Article

February 2016

Cardiovascular Genomics: Linking Genes to Heart Disease

Article

-February 2016

Cardiovascular Genomics: Linking Genes to Heart Disease

Around the globe, cardiovascular diseases are one of the leading causes of death. In 2013, one of every three deaths in the US was due to a cardiovascular disease. It is anticipated that these numbers will continue to increase to reach 23.6 million deaths in 2030 – unless a breakthrough in treating or preventing heart-related diseases is made.
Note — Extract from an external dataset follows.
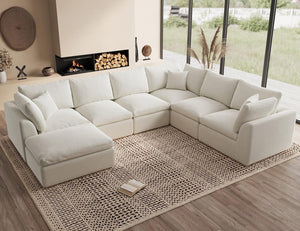 ohllob Oversized Cloud Couches for Living Room, Convertible Sectional Couch with Ottoman, 7 Seater Large Modular Sectional Sofa, Warm White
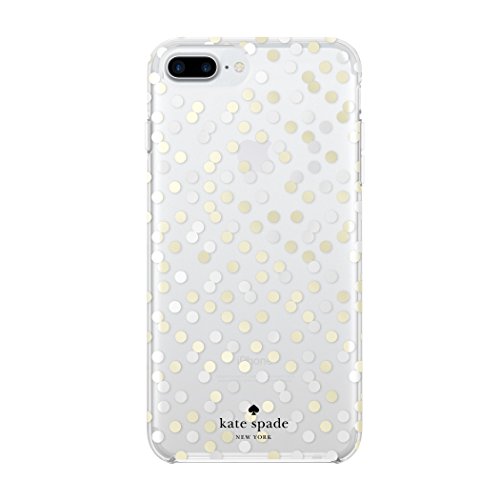 kate spade new york Protective Hardshell Case for iPhone 8 Plus - also compatible with iPhone 7 Plus - Confetti Dot Clear / Gold Foil / Silver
Cardiovascular genomics is a new field of science that primarily focuses on characterizing genetic risks of heart disease and identifying new targets for drug discovery. Until recently, genetic factors involved in the origin of cardiovascular diseases were not well-understood. However, the study of genetic factors has now come to the forefront. The genome-wide association studies (GWAS) have identified more than 152 associated loci and 320 candidate genes. Although their predictive capacity of cardiovascular risks has been often challenged, the discovery of genes has opened up the possibility of gene therapy for cardiovascular diseases.

Recent Advances

Cardiovascular genomics, in particular genetic testing, can potentially lead to the prevention of strokes. For instance, variants on chromosome 9p21 are associated with myocardial infarctions and ischemic strokes. Common variants on 4q25 and 16q22 are associated with atrial fibrillation and ischemic strokes (cardioembolic strokes in particular). The tests for these genes are now commercially available. However, the current guidelines to prevent a stroke, as issued by American Heart Association, do not recommend genetic screening in the general population to prevent the first stroke.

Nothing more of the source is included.